Now this is the most extreme of extreme cases. But a few groups have estimated that Baltimore has 50,000 heroin and cocaine users. The effect of addiction on their life is devastating.

The common rebuttal is that since all this pathology is happening despite drugs being illegal, drug legalization clearly doesn’t work. But this ignores that drug prohibition actually does more or less work for most communities. I can walk around my city without ever being tempted to buy heroin. My corner CVS does not sell speed balls next to candy at the front counter. As a result, most people do not face frequent temptation to use drugs, most people do not find it easy to locate drugs, and most people do not use drugs.

So how should the laws be reformed to create a sane drug policy?

The solution is quite simple. Legalize all drugs, but make them hard to obtain. The government auctions off a limited number of drug selling licenses at a steep price. The sellers are only permitted to sell drugs privately to licensed consumers. Limit the total quantity that can be sold to a fixed amount. All public advertising and public selling of drugs is banned. Drug dealers should not even be allowed to operate public web sites or list themselves in the phone book. Since the ban only restricts public transactions and promotion, the ban is easy to enforce. When drug consumers buy their drug license, they receive access to a private web site where they can find listings of the drug sellers. The consumer orders online or over the phone, and then picks up the drugs from the seller’s private, unmarked office.

The difficulty of obtaining a drug consumption license should vary depending on the drug involved. A marijuana license might be available from city hall, and cost either $300 or 10 hours of community labor. To obtain a morphine license, the consumer might have to travel to a nondescript office in an out-of-the-way location, and watch the final fifteen minutes of “Requiem for a dream” over and over again in a loop for four hours. The morphine license might cost either $2000 or 50 hours of community labor.

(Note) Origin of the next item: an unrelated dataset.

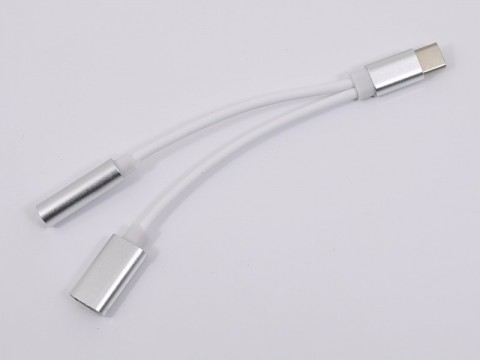 Переходник - разветвитель USB Type-C на Audio Jack 3.5 + USB Type-C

The government taxes and regulates the drug market to limit addictiveness, cheapness, and danger to the consumer. All government drug revenue is dedicated to a blind charitable trust, so that the government is not tempted to promote drug use to increase revenue.

The hurdles to buying a drug consumption license are tailored to be as burdensome as possible, without being so onerous that a black market sprouts up. When the policy is first created, the burdens might be on the lighter side. This would draw consumer away from the streets and suck the money out the black markets, causing the black markets to collapse. Once the black markets had disappeared, the burdens to getting a license would be raised considerably. The government could actually make it more difficult to buy drugs legally than it originally had been to buy in the black markets. But because the black markets have been destroyed, sellers trying to start new black markets will find the task immensely difficult. Without the presence of hundreds or thousands of other black market sellers diluting the effectiveness of law enforcement, any new black market sellers will find themselves provoking the full brunt of law enforcement.

The net result of this policy is best of both worlds. The black markets are shut down and the turf wars brought to an end. But ordinary folk find it even more difficult to obtain the most destructive narcotics.

Unfortunately, no one in power or running for office has ever proposed such a scheme. Thus our real problem is not just an insane drug policy, but also an insane political system.